Optimize these variables and you get the even stress distribution graph in the second picture that increases the tensile strength 20%-30%.depending on materials. Threads have been thoroughly engineered over the past 100 years, these was not included.

The male – female engagement is total surface contact that yields inherent advantages:
It creates a seal or more accurately prevents a lead path. This keeps out water and corrosion. It conducts heat efficiently, important for high pressure and temperature pipe applications.

It inhibits vibrational loosening and cycling fatigue. The male/female parts can not move, their surfaces are locked together.

Two other inherent advantages are
Quick connect: It takes fewer rotations to fully engage.
It Can not be over tightened: the next threshold is to break the bolt. This is the bane of bolted assemblies: over tightening causes hidden damage and weakens the connection.

In the first destructive tests the wave threaded bolt pulled the bolt heads off at 16.7% over the standard bolts failure. A wave threaded shaft with wave nut on each end should exceed 20%.
The wave thread limitation is a fixed clamp length and many applications are a specific length.

Threaded fasteners hold our world together. Making them stronger, more resistance to cycling fatigue, and protecting them from corrosion will extend their useful life. Applied to pipes add conducting heat more efficiently and you reduce the cycling stresses. Pipes would be quicker connecting with stronger hold.

Machining the complex surface of the wave thread will be more expensive, but molding will be the same costs. Currently, a library of standard and wave threaded nuts and bolts is being prepared for the 3D printer market. This is an effort to inexpensively get the wave thread into the hands of scientist, engineers, entrepreneurs and anyone who wants to play with. This library will be all 57 UNC nuts and bolts sizes.
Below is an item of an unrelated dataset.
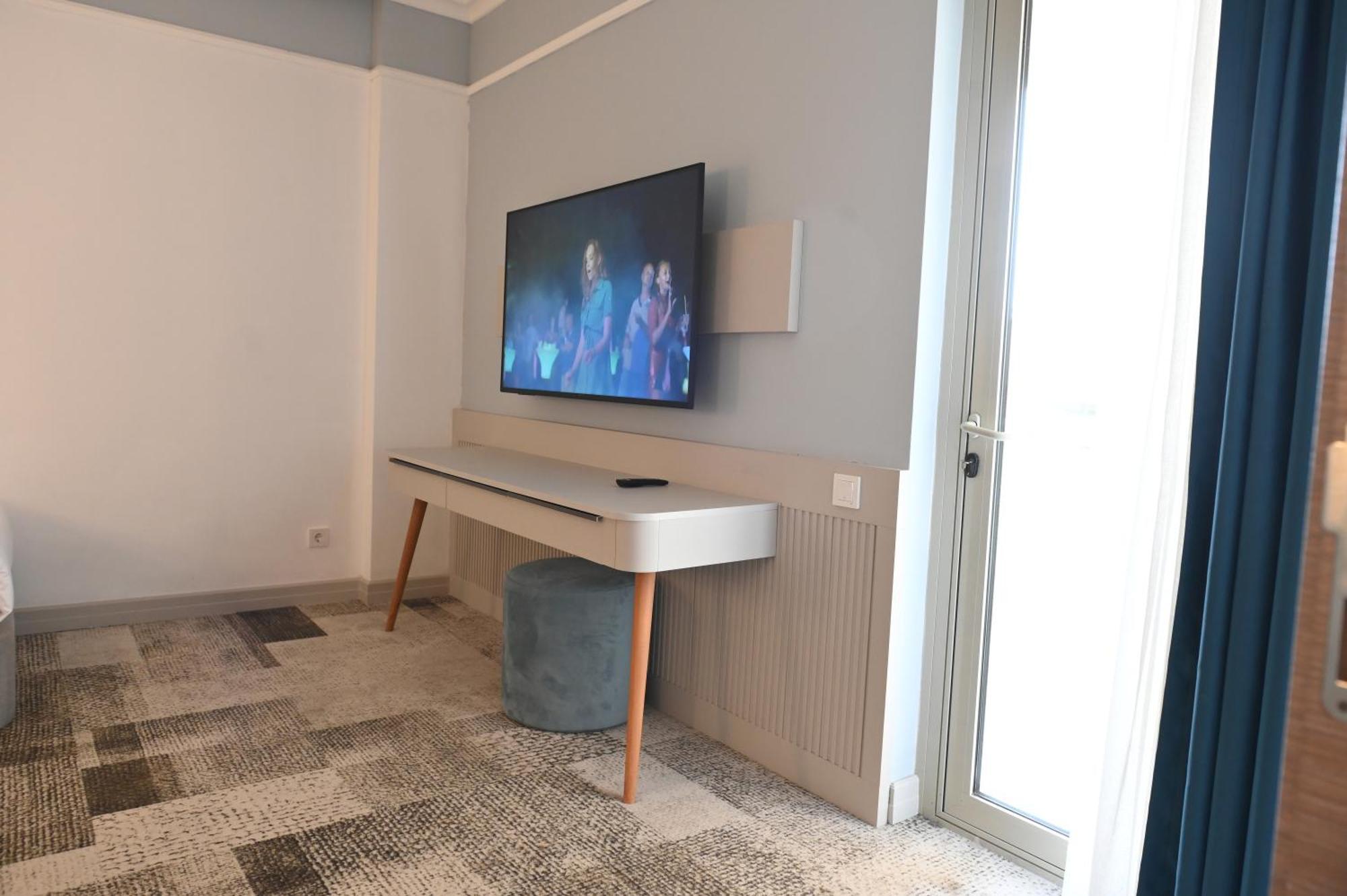 Family Room Balcony,1772073757:JPEG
UNC are 90% of the bolts used.

The physics of the wave thread geometry allow other types of applications:
Containers: Quick connecting, eliminates the separate seal reducing waste.
Valves: combines the valve seat and control thread
Electrical connections: creating a seal keeps out corrosion, high surface contacts
Electronic and photonic connections: precise position alignment for thousands of connection at once that are sealed and hard to pull apart.
The last picture has a diagram map of the potential markets.

This is a lot to claim about a geometry. I have developed software to engineer the threads and apply them to fasteners and pipes. They will be applied and tested in a variety of products.